I have been exposed to the physics that explain why waves are rougher on points than they are in harbors. (Waves and Beaches by W. Bascom). But this trip is the first time I noticed that my physical intuition has completely internalized the reasons for this. Imagining what the topology of the ocean bottom looked like around the point, I saw (in my minds eye) why the water acted like a focusing lens to magnify the effect of the waves on the point. I further noticed that unlike an optical lens, the ocean bottom gradually changes the "index of refraction" as the waves move into shallower water. This is difficult to do with an optical lens where there is a hard boundary between glass and air. The index of refraction changes abruptly at that edge. Imagine a lens made out of clear jelly that gradually changes density to gently bend light beams. The only application I know of where we (technological man) have used a soft-edged optical refraction trick is in the sheathing of optical fiber cables. And I had just paddled over two of these fibers a few kilometers back!
The rough waves around Point Arena forced me to paddle out to sea and I was only brave enough to go behind the last few visible rocks. I saw turbulence roiling up from submerged rocks under me and paddled faster to get away from them before a wave broke around me. Once I was around the point things started to calm down and I went behind a row of large rocks that ran parallel to shore. I stayed behind these rocks as the water got shallower and shallower until I found myself stuck high and dry on a stony reef. I waited for another few waves to pick my keel up, then polled my kayak into a deeper channel I had seen exposed between waves. The water got deeper again behind the reef and I paddled as far as I could before the cliff turned out and forced me to follow it out behind the long row of rocks.
As I negotiated the rough water between the cliff and the last rock, a shout came from the top of the cliff. Looking up I finally saw my dad, who had been unable to get into the lighthouse grounds before 10:00 AM. We waved at each other and I continued on down the coast. The road out to the lighthouse runs paralel to the shore here so dad was able to follow me for the next two kilometers. The cliff along this stretch was a single tilted slab of sandstone with only a few breaks in it. One of these breaks was large enough for the ocean to get through and I paddled in hoping to see caves or gaps behind the slab. I found that the water only extended a handful of meters in each direction and there were no caves.
Dad popped out at the top of the cliff from time to time and shouted down at me or waved. One time I saw him appear on the cliff looking in the wrong direction and shouted myself to get his attention. I had brought both radios so we could keep in touch, but one of them had been left on and its battery was dead. So we had to make do with inarticulate shouts and hand signals. When we made it to the last cove before the road turned away from shore, dad made a hand-sign indicating he saw an arch. I had seen this arch from the road the day before but was approaching it at an angle that hid it from me. Without dad scouting it out I might have missed it completely. This arch started out wide, but narrowed down and jogged right a little. I scraped through and examined another arch a little closer to the beach. This one was too small to fit through so I continued down the coast. Dad and I were now out of touch until I landed in Arena Cove.

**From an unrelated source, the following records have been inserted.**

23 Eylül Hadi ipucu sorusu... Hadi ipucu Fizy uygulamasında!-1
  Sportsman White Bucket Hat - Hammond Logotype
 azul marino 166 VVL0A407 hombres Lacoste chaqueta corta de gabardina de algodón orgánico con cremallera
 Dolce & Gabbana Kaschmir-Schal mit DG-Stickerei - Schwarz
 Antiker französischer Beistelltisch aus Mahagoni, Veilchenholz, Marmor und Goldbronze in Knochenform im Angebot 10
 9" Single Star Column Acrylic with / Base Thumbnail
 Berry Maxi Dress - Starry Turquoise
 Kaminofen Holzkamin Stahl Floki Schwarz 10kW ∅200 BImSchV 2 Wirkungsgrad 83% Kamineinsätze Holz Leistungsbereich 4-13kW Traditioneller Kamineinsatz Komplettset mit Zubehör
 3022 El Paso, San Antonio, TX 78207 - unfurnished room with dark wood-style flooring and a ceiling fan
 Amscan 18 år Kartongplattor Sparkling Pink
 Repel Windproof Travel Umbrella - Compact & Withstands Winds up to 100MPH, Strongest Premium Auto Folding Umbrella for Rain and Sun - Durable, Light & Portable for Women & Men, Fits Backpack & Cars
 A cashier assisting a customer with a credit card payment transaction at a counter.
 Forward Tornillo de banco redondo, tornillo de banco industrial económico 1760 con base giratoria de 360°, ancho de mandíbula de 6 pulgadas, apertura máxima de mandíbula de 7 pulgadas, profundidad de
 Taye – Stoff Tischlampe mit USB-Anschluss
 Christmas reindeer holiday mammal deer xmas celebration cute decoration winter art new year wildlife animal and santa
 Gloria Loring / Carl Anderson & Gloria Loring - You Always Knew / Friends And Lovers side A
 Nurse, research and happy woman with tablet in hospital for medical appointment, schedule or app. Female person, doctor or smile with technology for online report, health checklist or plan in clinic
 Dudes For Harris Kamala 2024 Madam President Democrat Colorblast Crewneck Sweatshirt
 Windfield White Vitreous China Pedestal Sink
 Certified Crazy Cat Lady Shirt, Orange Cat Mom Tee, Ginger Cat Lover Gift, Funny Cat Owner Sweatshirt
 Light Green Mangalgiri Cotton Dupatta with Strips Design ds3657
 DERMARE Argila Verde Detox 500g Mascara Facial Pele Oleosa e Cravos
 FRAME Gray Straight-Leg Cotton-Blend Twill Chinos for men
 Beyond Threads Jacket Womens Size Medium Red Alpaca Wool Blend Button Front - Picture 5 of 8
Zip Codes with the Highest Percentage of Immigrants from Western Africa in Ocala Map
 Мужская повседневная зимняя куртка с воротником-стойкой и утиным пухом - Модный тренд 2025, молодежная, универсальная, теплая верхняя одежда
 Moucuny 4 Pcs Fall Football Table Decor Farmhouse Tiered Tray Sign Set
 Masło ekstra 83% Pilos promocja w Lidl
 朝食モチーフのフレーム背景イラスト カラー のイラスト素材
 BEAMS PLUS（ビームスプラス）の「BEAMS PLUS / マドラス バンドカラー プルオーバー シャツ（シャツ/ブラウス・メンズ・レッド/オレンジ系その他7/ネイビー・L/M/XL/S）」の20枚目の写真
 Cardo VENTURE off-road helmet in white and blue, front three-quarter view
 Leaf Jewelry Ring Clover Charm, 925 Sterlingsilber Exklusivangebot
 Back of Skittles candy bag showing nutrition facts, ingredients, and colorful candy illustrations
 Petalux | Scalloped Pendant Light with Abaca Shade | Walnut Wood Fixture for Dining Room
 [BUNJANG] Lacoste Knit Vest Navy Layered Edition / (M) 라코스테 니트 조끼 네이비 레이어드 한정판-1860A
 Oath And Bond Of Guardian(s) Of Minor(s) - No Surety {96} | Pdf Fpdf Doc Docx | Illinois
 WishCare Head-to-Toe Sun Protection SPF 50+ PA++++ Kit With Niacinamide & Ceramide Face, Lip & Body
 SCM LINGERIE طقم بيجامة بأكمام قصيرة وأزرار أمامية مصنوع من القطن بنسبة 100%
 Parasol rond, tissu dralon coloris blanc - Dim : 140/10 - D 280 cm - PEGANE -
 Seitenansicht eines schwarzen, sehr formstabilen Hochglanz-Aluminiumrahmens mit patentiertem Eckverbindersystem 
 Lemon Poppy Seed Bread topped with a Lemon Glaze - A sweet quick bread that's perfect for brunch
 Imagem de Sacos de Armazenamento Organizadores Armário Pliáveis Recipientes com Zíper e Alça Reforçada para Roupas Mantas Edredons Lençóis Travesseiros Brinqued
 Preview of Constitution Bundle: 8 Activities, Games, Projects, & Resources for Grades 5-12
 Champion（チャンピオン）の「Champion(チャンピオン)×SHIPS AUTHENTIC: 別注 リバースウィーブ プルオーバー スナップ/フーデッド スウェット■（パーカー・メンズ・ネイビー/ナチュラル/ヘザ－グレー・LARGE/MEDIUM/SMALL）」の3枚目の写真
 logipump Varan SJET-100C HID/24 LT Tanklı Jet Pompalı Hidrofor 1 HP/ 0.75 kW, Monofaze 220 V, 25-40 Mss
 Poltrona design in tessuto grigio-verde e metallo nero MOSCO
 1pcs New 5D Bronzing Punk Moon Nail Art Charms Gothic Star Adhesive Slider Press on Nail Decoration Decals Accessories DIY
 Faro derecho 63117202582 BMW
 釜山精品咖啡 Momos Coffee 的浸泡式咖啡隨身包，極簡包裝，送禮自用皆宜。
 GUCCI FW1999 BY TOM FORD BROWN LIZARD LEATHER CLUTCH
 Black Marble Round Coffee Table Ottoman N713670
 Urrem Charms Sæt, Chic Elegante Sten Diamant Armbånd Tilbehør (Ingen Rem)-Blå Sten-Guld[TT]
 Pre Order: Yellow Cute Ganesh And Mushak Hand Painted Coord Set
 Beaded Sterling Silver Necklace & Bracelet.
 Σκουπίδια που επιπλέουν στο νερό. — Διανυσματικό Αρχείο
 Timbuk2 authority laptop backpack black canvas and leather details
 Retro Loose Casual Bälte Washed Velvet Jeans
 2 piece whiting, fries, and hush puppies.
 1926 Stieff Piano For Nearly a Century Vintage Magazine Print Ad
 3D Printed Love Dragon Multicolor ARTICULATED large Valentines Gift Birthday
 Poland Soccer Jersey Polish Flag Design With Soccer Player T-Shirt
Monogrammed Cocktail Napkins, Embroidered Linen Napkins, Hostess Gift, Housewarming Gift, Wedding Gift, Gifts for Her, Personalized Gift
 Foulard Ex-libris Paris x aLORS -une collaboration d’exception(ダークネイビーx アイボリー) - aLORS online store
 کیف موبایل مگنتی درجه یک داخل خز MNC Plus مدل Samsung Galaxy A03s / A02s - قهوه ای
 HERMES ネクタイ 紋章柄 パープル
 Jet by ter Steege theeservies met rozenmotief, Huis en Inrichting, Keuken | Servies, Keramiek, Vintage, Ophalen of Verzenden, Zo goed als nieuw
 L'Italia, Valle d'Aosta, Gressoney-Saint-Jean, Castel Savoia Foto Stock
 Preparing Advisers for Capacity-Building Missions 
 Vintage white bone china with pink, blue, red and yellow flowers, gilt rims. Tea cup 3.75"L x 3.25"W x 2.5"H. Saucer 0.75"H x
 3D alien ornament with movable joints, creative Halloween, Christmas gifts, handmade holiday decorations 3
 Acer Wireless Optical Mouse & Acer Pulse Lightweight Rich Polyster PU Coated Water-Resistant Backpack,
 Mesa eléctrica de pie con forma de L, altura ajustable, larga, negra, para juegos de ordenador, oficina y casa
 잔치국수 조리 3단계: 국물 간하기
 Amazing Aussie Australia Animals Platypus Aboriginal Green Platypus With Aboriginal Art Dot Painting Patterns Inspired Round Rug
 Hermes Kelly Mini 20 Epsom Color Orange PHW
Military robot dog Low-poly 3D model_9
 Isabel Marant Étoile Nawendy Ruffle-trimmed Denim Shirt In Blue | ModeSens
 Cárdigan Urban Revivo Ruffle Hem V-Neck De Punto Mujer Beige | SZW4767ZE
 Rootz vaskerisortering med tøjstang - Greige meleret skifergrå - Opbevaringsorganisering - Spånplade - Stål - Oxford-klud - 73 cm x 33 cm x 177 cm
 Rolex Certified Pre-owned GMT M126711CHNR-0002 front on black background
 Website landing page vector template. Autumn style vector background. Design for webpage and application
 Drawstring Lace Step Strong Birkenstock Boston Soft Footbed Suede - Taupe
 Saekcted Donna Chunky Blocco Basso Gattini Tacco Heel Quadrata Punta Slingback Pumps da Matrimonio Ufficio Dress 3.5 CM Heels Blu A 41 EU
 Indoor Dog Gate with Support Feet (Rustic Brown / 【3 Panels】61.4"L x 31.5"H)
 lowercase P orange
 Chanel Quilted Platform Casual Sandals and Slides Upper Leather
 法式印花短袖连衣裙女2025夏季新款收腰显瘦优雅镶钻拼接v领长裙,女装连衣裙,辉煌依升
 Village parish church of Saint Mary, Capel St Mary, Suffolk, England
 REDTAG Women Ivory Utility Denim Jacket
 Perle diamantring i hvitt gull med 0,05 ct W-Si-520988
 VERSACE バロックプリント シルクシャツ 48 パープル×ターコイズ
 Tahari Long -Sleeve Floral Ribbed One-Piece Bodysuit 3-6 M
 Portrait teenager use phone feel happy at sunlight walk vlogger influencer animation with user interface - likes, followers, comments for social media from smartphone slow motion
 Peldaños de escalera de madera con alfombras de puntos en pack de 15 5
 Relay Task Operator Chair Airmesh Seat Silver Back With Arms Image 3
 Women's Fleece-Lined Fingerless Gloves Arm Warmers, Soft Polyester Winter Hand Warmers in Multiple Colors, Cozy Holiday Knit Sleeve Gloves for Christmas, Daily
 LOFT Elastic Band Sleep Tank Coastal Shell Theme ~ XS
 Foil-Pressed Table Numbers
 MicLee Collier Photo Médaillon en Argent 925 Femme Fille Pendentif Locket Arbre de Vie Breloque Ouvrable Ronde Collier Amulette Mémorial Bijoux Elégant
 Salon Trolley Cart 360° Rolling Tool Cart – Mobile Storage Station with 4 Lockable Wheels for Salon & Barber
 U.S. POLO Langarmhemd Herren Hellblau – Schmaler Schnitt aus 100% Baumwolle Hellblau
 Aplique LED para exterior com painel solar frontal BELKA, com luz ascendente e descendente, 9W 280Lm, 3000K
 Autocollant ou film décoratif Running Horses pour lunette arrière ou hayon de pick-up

I found myself behind a long narrow rocky island. There was a large arch and cave at the north end of this island. HUGE breakers were channeled into this cave for some reason. I paddled into the arch and took a peak north out the cave. No big breakers came in for a while, no large waves were visible, so I risked going out through the cave and back around past the arch. No problems!
I started down the east side of the rock but soon found a pair of caves, one too narrow to fit through. I paddled through the larger cave and into a channel that came out the other side of the island. Then a rough set of waves come in and made going back through cave difficult, so I continued down the west side of the rock. Near the south end of the island I saw a narrow channel through a shallow rocky reef. This reef was sometimes completely awash under water. At the end of the channel was a narrow cave that turned right, widened, and had light coming back around the corner. I figured this meant there was a place to exit or at least turn around. I considered passing by this spot, but it looked like even the strongest waves calmed down a bit before the cave. I waited for a calm time and headed in. Half way down the channel, I saw some amazing rock formations. I passed them up on my first trip by, intent on getting through the arch at the end before the next large wave. I came out and found a large safe exit.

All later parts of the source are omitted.